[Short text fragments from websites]
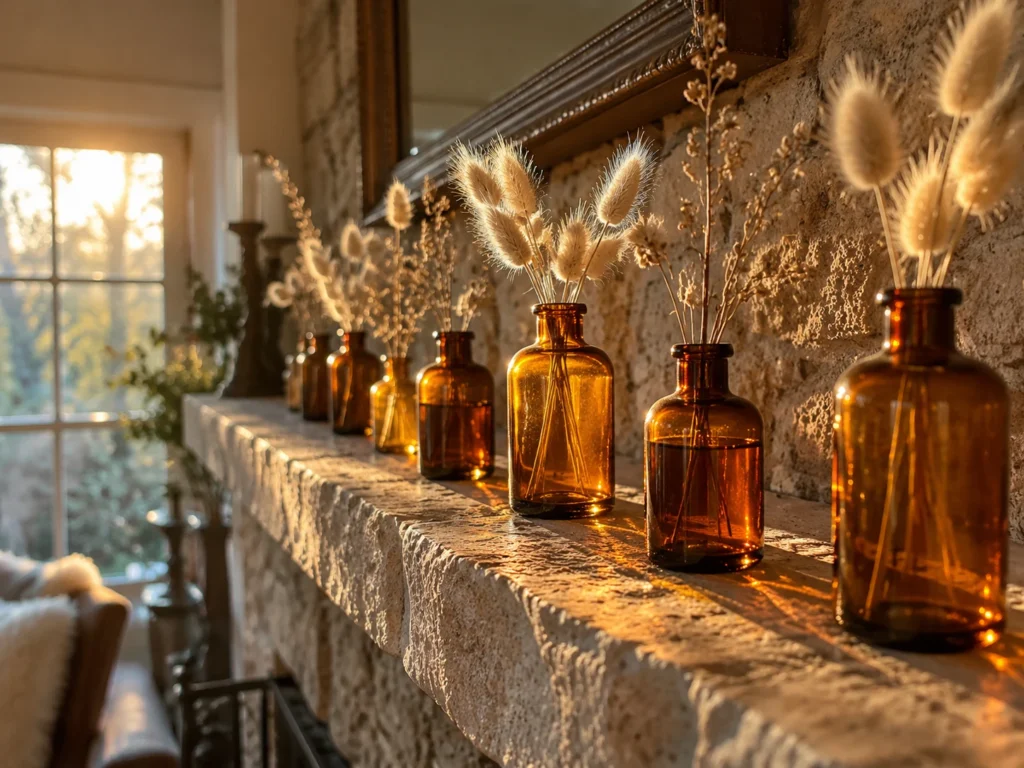 Amber Apothecary Bottle Row
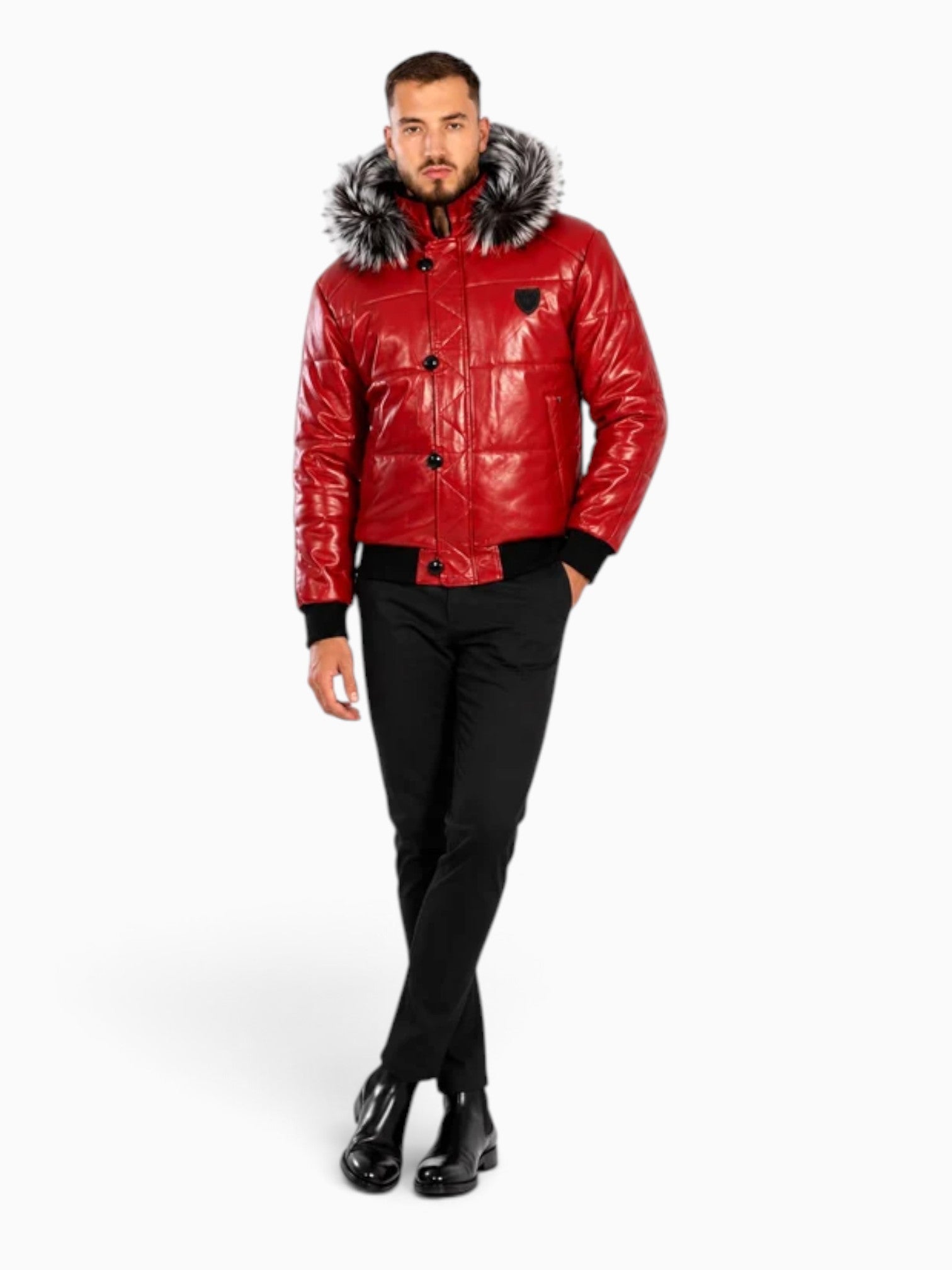Arctic Men’s Winter Leather Coat With Silver Fox Fur-thumbmail-1
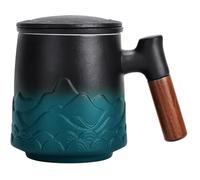 DISDADA Tasse Tisane a The avec Infuseur et Couvercle, Grande Mugs Tisane à Infusion Ceramique 500ml (Vert)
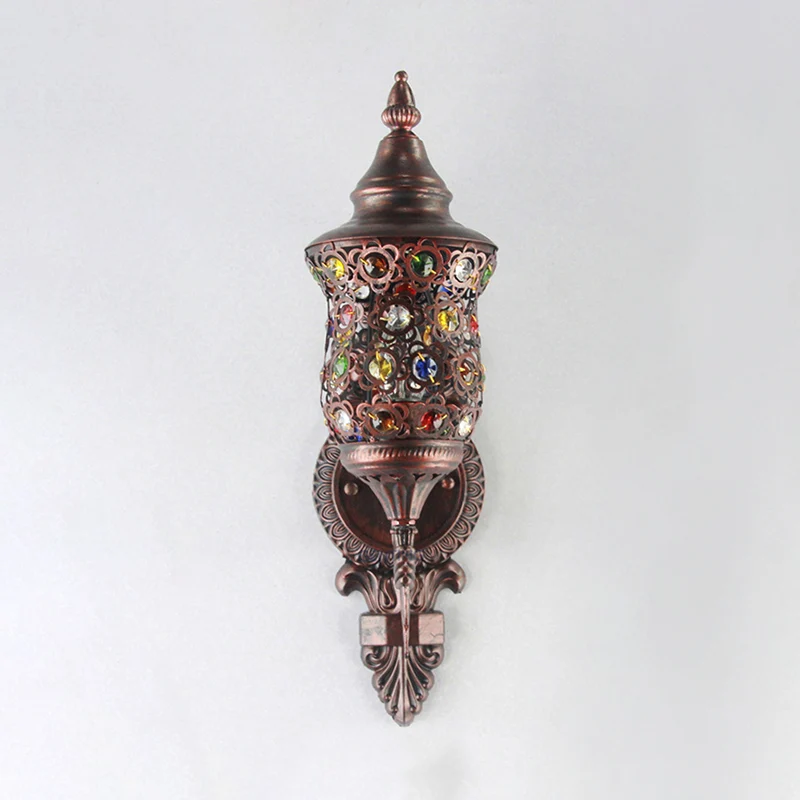 Antieke koperen urn schans licht Boheems metaal 1 lamp slaapkamer wandmontage verlichting Clearhalo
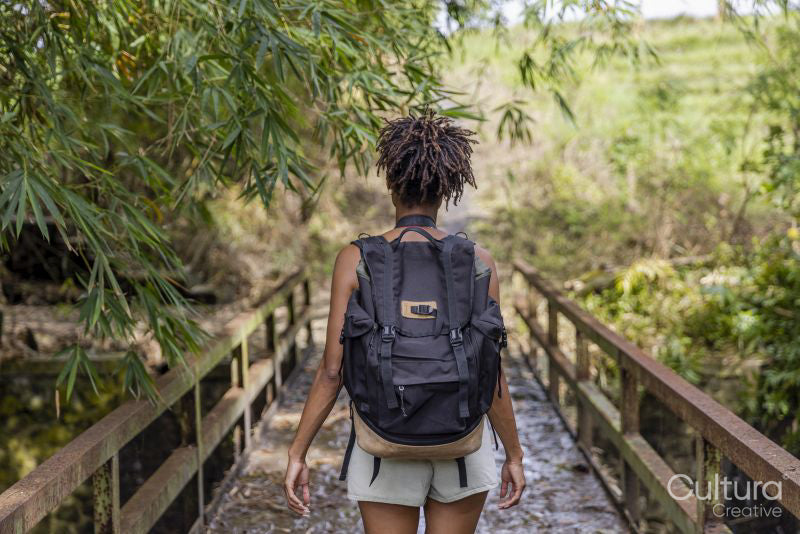 Indonesia, Bali, Female tourist walking on footbridge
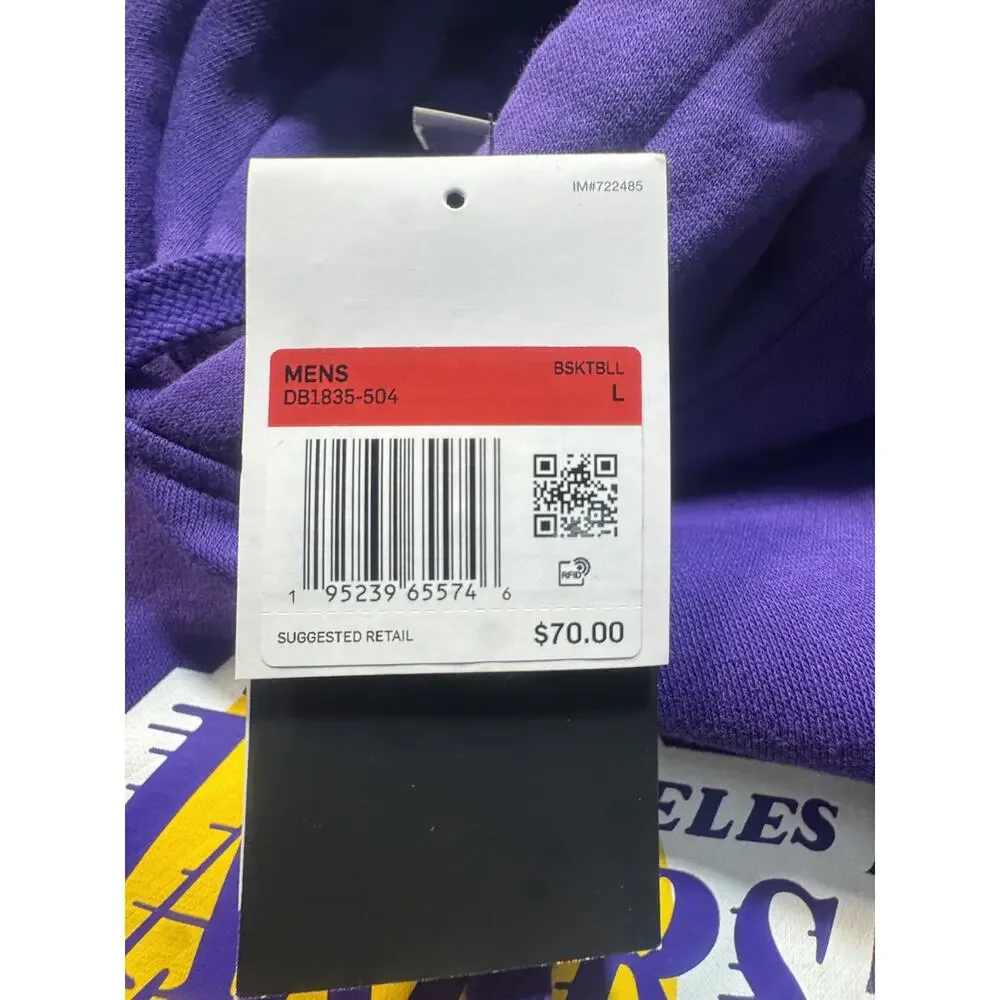 NBA Los Angeles‎ Lakers Pullover Men's Sz L Purple Brand New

### Task details
Give back exactly the lines from the line with "DISDADA Tasse Tisane" through the end of the records, both included; keep all pictures out.

### Reply to the exercise
 DISDADA Tasse Tisane a The avec Infuseur et Couvercle, Grande Mugs Tisane à Infusion Ceramique 500ml (Vert)
 Antieke koperen urn schans licht Boheems metaal 1 lamp slaapkamer wandmontage verlichting Clearhalo
 Indonesia, Bali, Female tourist walking on footbridge
 NBA Los Angeles‎ Lakers Pullover Men's Sz L Purple Brand New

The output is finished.